Clinical management of Mycobacterium avium complex (MAC) infection is difficult, since it is frequently encountered in immunocompromised hosts, particularly AIDS patients, and MAC organisms are moderately to highly resistant to common anti-tuberculosis drugs such as isoniazid, ethambutol (EMB), pyrazinamide, and rifampin (RIF) (Inderlied et al., 1993). Although some drugs including clarithromycin (CLA), azithromycin, and rifabutin (RBT) are fairly effective in controlling MAC disseminated infection (Benson, 1997, Inderlied et al., 1993), treatment of pulmonary MAC infections is still difficult even with the use of multi-drug regimens containing these drugs (Benson, 1997, Inderlied et al., 1993, Tomioka, 2000). Although some new antimicrobial agents active against MAC, such as diarylquinoline, ketolides, pyrimidines, and pyrroles, are being developed (Tomioka et al., 2008), limited numbers of new drugs have been subjected to clinical studies for chemotherapy against MAC infections. Thus, at present, it appears that devising potent anti-MAC administration protocols based on the combination of ordinary antimycobacterial drugs with adjunctive agents is more practical than awaiting the development of new antimycobacterial drugs.
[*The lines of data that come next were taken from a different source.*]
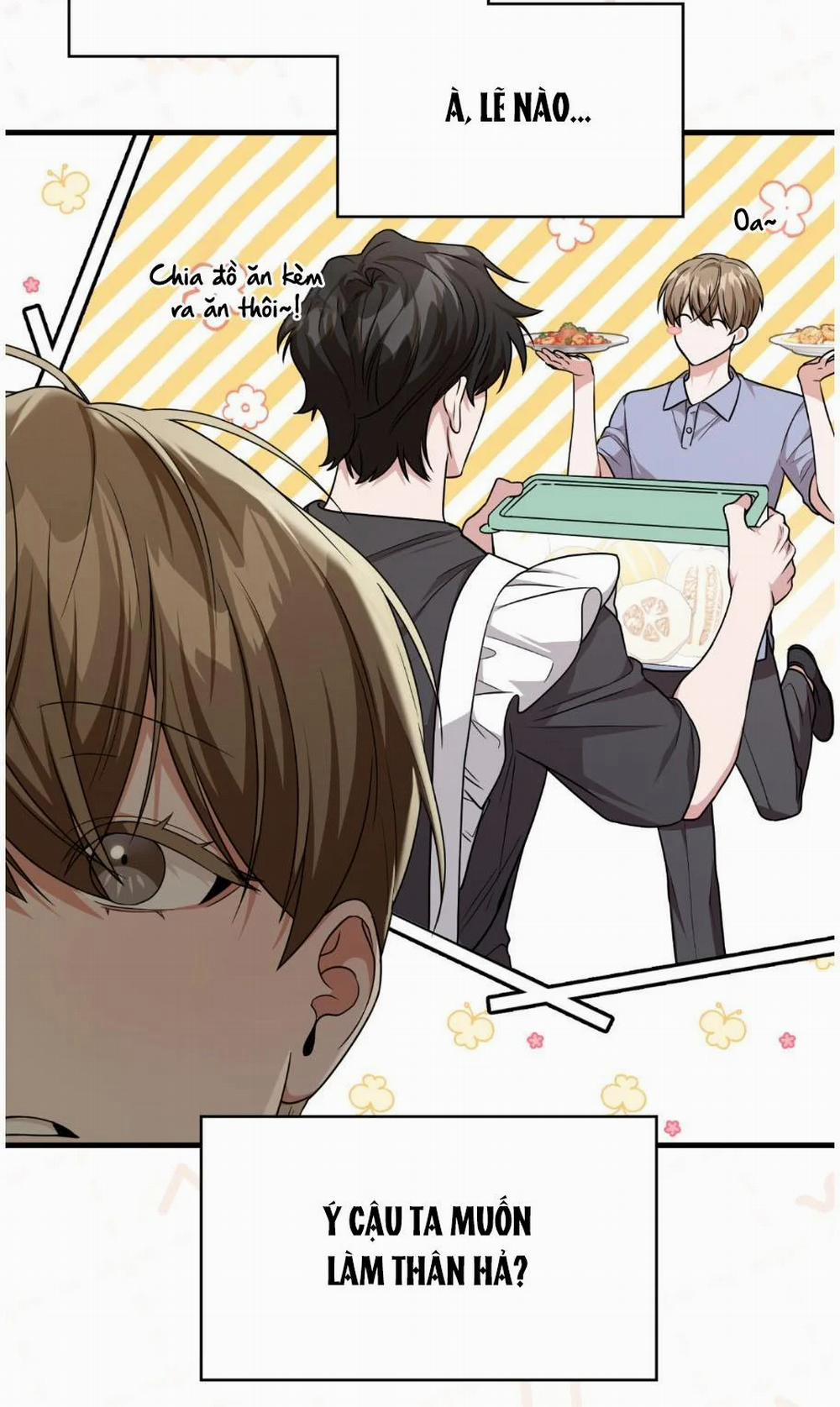 Guild Member 29 trang 20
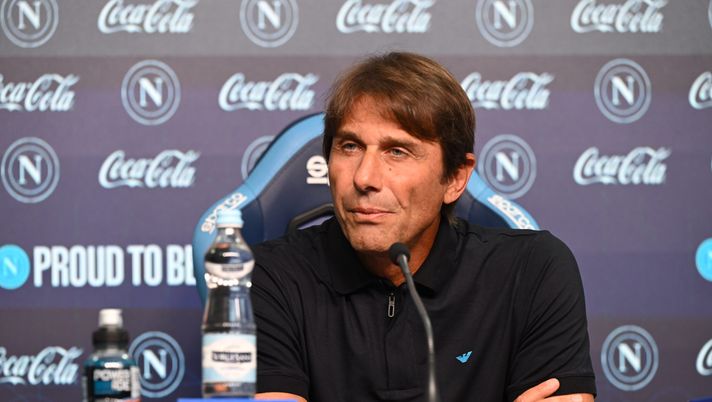 Conte, l’assenza in conferenza è ormai un’abitudine: la frecciatina – Repubblica - immagine 1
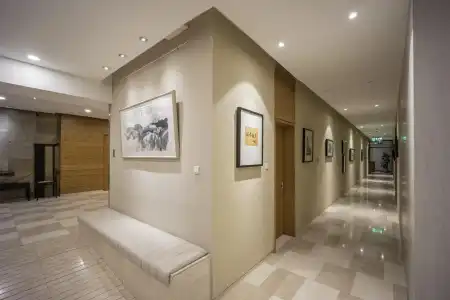 Gotel Capital - 15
It is known that adenosine 5′-triphosphate (ATP) up-regulates macrophage antimycobacterial activity in a purinergic receptor X₇ (P2X₇)-dependent manner (Idzko et al., 2014, Lammas et al., 1997). The ATP/P2X₇-mediated activation of the antimicrobial functions of macrophages is associated with the up-regulation of phospholipase D, leading to the potentiation of phagosomal maturation, induction of apoptosis, and stimulation of intracellular translocation and concomitant activation of cytosolic phospholipase A₂ (Fairbairn et al., 2001, Kusner and Adams, 2000, Placido et al., 2006, Tomioka et al., 2005). In this context, we recently found that ATP inhibited the growth of various bacteria, such as Staphylococcus, Pseudomonas, and some mycobacteria including MAC and M. tuberculosis, without damaging bacterial surface structures, while Escherichia coli and Klebsiella pneumoniae were resistant to ATP's antimicrobial activity (Tatano et al., 2015). Using gene technology, we newly established an enterobactin-deficient (entB⁻) mutant from ATP-resistant K. pneumoniae, and observed the recovery of ATP susceptibility in the entB⁻ mutant. Since, in the case of K. pneumoniae, enterobactin plays a major role among K. pneumoniae's siderophores (enterobactin, aerobactin, and yersiniabactin) in the bacterial acquisition of Fe³⁺ ions (El Fertas-Aissani et al., 2013), this finding strongly indicates that ATP's antibacterial activity is attributable to its iron-chelating ability (Tatano et al., 2015). Notably, ATP exhibited significant combined effects with some antimicrobials against methicillin-resistant S. aureus and M. intracellulare, suggesting its usefulness as an adjunctive drug in chemotherapy against certain intractable infections (Tatano et al., 2015). These findings encouraged us to examine the detailed profiles of the potentiation of the antimicrobial activity of various anti-MAC drugs (AMDs) in combination with ATP. It was found that the anti-MAC activity of the three drug combinations consisting of two drugs, including CLA + RIF (CLA/RIF), CLA + RBT (CLA/RBT), and CLA + EMB (CLA/EMB), was markedly potentiated dependent on test MAC strains.